If the SCA or request authorization fails, the authorization server informs TPP by adding the following parameters to the query component of the redirection URL using the "application/x-www-form-urlencoded" format.

Error response URL
Version1
URL LIVE
https://{redirectURL}?error={error}&error_description={error_description}

Attributes structure
Optionality
Type
Description
error
Mandatory
String
One of the following error codes may be present:
  • invalid_request
The request is missing a required parameter, includes an invalid parameter value, includes a parameter more than once, or is otherwise malformed.
  • unauthorized_client
The client is not authorized to request an authorization code using this method.
  • access_denied
The resource owner or authorization server denied the request.
  • unsupported_response_type
The authorization server does not support obtaining an authorization code using this method.
  • invalid_scope
The requested scope is invalid, unknown, or malformed.
  • server_error
The authorization server encountered an unexpected condition that prevented it from fulfilling the request. (This error code is needed because a 500 Internal Server Error HTTP status code cannot be returned to the client via an HTTP redirect.)
  • temporarily_unavailable
The authorization server is currently unable to handle the request due to a temporary overloading or maintenance of the server. (This error code is needed because a 503 Service Unavailable HTTP status code cannot be returned to the client via an HTTP redirect.)
error_description
Optional
String
Additional information to the error code


Example:

Redirect URL for obtaining authorization code for long-term token (90 days access to account)

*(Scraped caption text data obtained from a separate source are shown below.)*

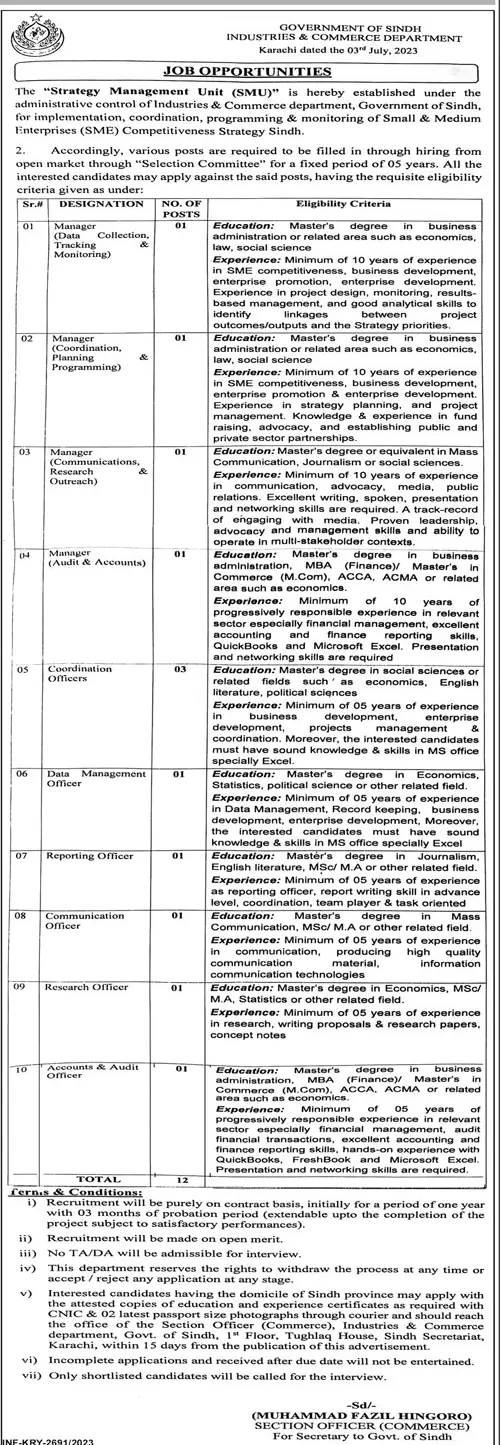 Industries and Commerce Department Govt of Sindh Vacancies July 2023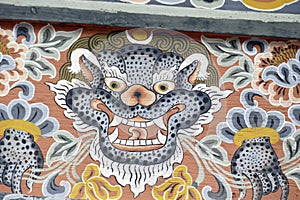 Elaborate exterior woodwork of the Jambay Lhakhang Temple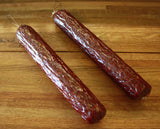 Here what the finished links of smoked, ready-to-eat deer sausage looks like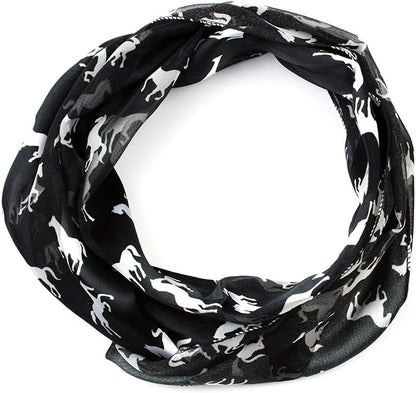 Horse print soft silky scarf
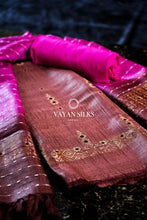 Load image into Gallery viewer, Brown Pink Handloom Suit Set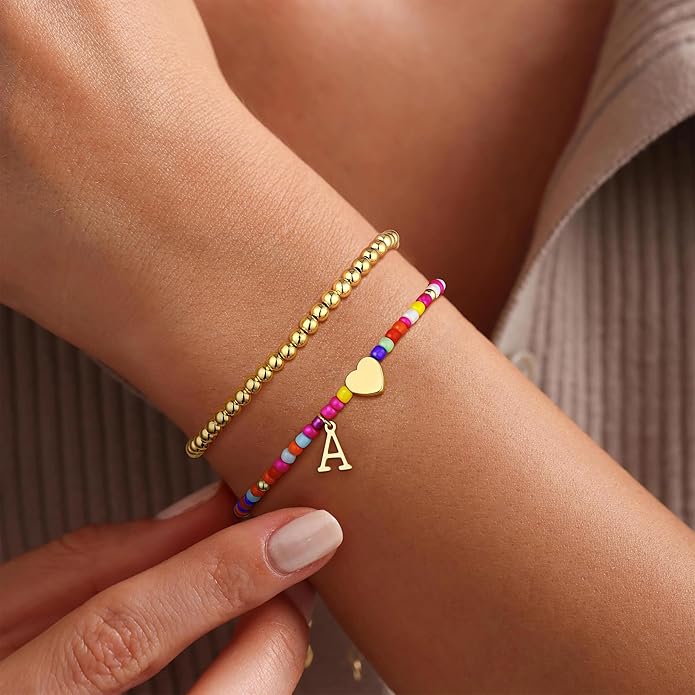 Ritach Christmas Gifts for Teens Girls Kids - 2PCS Colorful Heart Initial Bracelet Stackable Real Gold Plated Stretchable Beaded Bracelets for Teen Girls Kids Birthday Gifts Stocking Stuffers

https://apiauthorization.csob.sk/connect/authorize?client_id=TIDgjzKuS7k&response_type=code&redirect_uri=https://www.csob.sk/psd2tpp&scope=AISP offline_access&state=aaaa&nonce=aaaa&code_challenge=GR_ZPQOvmFRmdtRXg6KsdNTOnUduFvzOvfqZnWS62cA&code_challenge_method=S256&request=4XHR3hy2EfHvDTnwXSbxpRbTJ2C6Y4


Response URL with authorization code for long-term token (90 days access to account)

https://www.csob.sk/psd2tpp?code=6ba9fe5808e2b0e7d8901f56a24dbef28a5ae76425e6e2872eb0ce228c907c36&scope=AISP%20offline_access&state=aaaa


Step 4: Exchange authorization code for access token

Initiate POST request for Authorization code with a code obtained in Step 3. For details see Authorization API / Authorization Code. In response, there is an access token, which is binded to specific account, scope(s) and TPP.